Our need to please others has reached a new high too. Society today holds perfectionists up on a pedestal as role models more than ever before. Social media has become a space to pursue and achieve perfection — the more likes you get, the closer you are to feeling perfect.
Increasingly, young people hold irrational standards for themselves — they create unrealistic expectations for their academic and professional achievements, looks, and possessions. They have bought into the modern myth that their lives, including themselves, should be perfect.
Perfectionism is a growing epidemic. Studies among Noth American teens show that 3 in 10 exhibits some sort of unhealthy perfectionism. It is also life-endangering — those with higher scores on perfectionism are more likely to die younger.
Perfection is an impossible goal — you only set yourself up for failure and suffering. That’s the paradox of perfectionism. The more you try to win someone else’s validation, the worse you become.
Experts have found that perfectionism is more than an attitude or excess attention to detail — it has become a way of life that creates and amplifies mental issues. It’s a clear signal that we have a problematic relationship with ourselves.
The Three Types of Perfectionists
Self-oriented perfectionists adhere to strict standards while maintaining strong motivation to achieve perfection and avoid failure — they engage in harsh self-assessment.
Other-oriented perfectionists set unrealistic standards for others like partners, friends, or co-workers — they are very rigid when it comes to evaluating how others perform.
Socially-prescribed perfectionists believe that others hold unrealistic expectations for them — they can’t live up to external pressure and (perceived) harsh criticism.
The latter is growing at twice the rate of the other two, according to the study by Thomas Curran and Andrew P. Hill. Even worse, it’s the one most associated with anxiety, depression, and suicidal thoughts- they let others define their lifestyle.
Rethink Your Relationship with Yourself
We must rethink our relationship with ourselves (especially accepting that we are not flawless). It’s harder to get things done when we have zero tolerance for mistakes — people are more likely to procrastinate since they can’t screw up what they haven’t yet started.
Overcoming perfectionism requires reframing our relationship with life, others, and ourselves. Rather than seeking for perfection, we must find meaning and joy in the precious things that we DO have.
By focusing on what’s missing, we can’t appreciate what we already have.
Three steps you can take to move away from perfectionism
Perfectionism is not a rational emotion, and as such, it cannot be argued or reasoned with. Studies have shown that perfectionists are at a higher risk of several illnesses, both physical and mental and that self-compassion might free us from its grip. Therefore, perfectionism and self-compassion are very much linked.
Here are three steps that you can follow in order to pursue perfectionism less and love yourself more:
Step one, acknowledge that it’s bad for you; beating yourself up over every little error gradually chips away at your sense of self-worth and makes you less happy. You deserve better than this.

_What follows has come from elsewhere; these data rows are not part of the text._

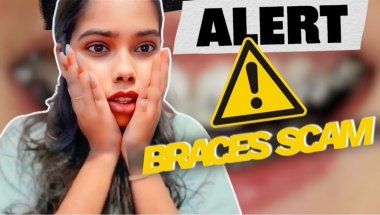 Braces or scam😥#explore #braces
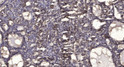 Immunohistochemical analysis of paraffin-embedded human liver cancer. 1, Antibody was diluted at 1:200 (4° overnight). STJ195068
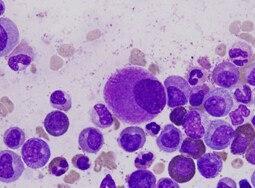 Fast Five Quiz: Chronic Myelogenous Leukemia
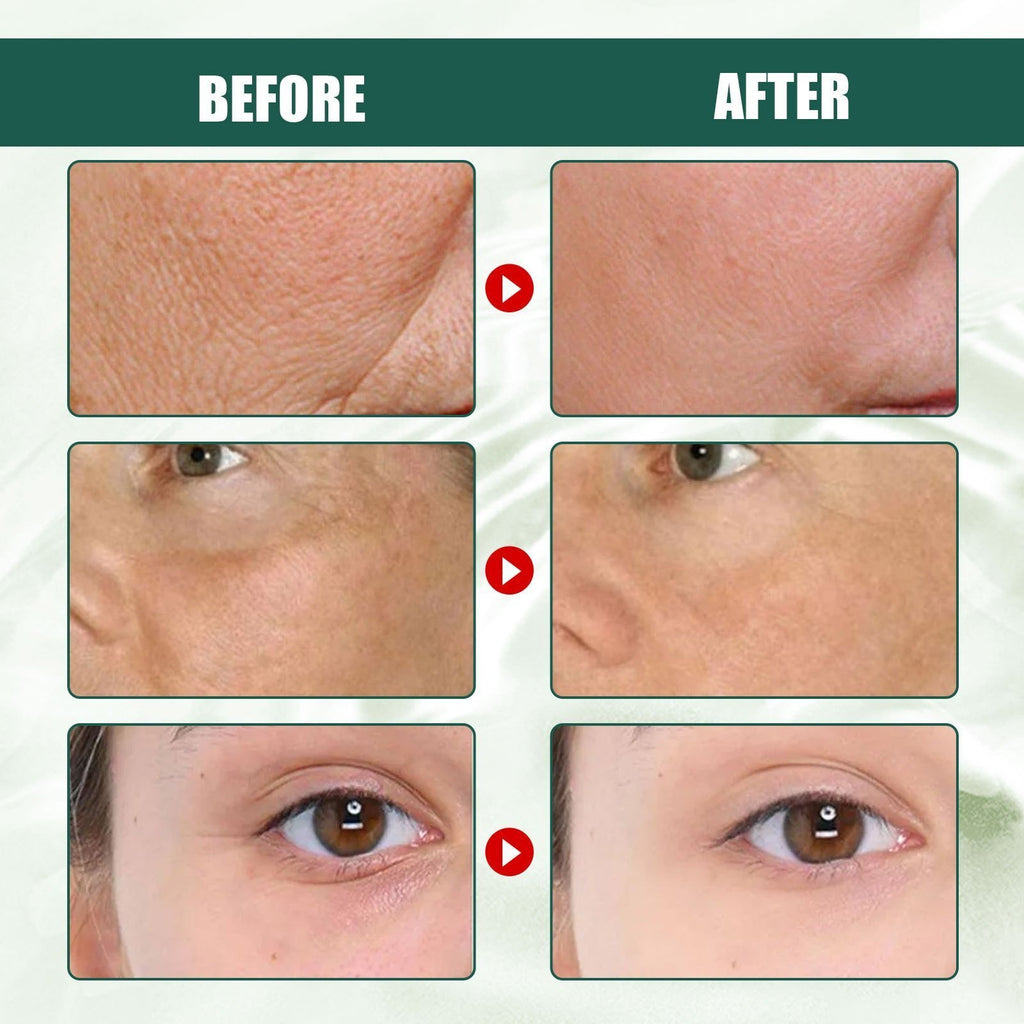 🎁30 Day Anti-Aging Treatment Serum - Botox Face Serum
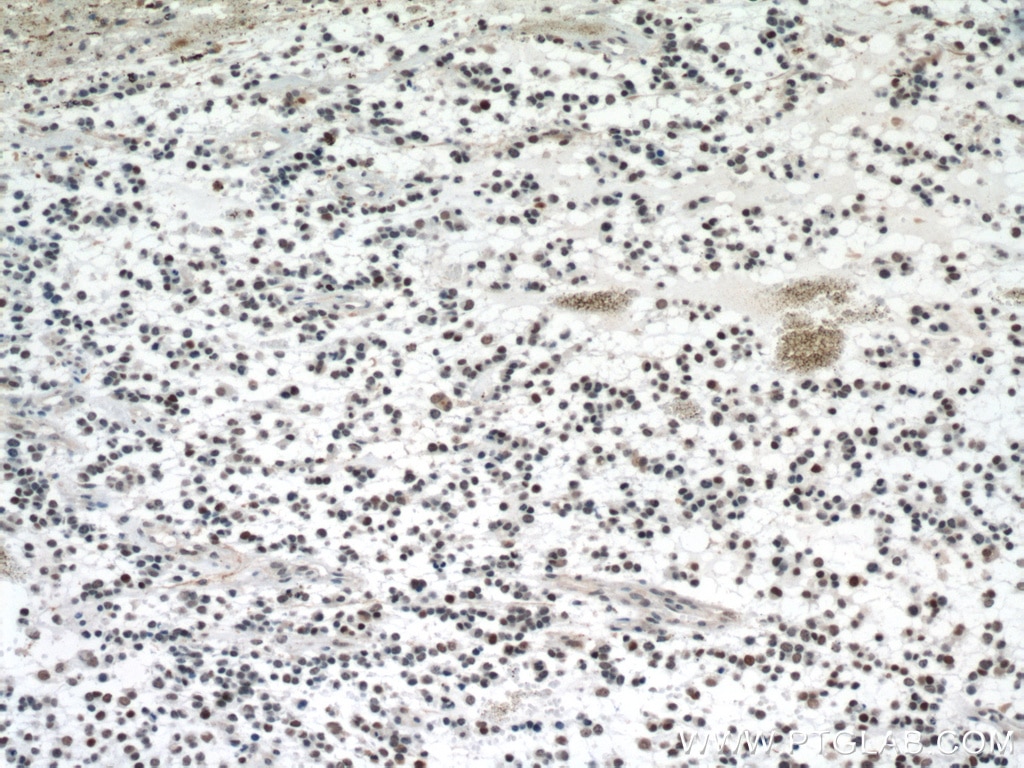 IHC staining of human gliomas using 60283-2-Ig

Step two– pledge to resist the temptation to beat yourself up for the sake of beating yourself up. When you’ve spent years cultivating this inner bully, you develop an unconscious reflex to put yourself down for every minor thing, no matter how ridiculous or absurd. It is a bad habit of the mind. Every time you start beating yourself up, tell yourself: “I am done beating myself up. How can I treat myself with love?”
Third Step, as part of that self-love, learns to be attentive to your own needs.
Ask yourself this simple question: “What do I need?”. In perfectionism, you focus on the unattainable perfect goal at the expense of your own mental and physical health. I want you to shift from focusing on the unattainable perfect goal of focusing on self-care: what do you need? Rest? Healthy food? A break? Company? A hug? A day off?
The challenge- self-love. The tool- be kind to yourself in at least one way every day. Your happiness is in your mind and your hands.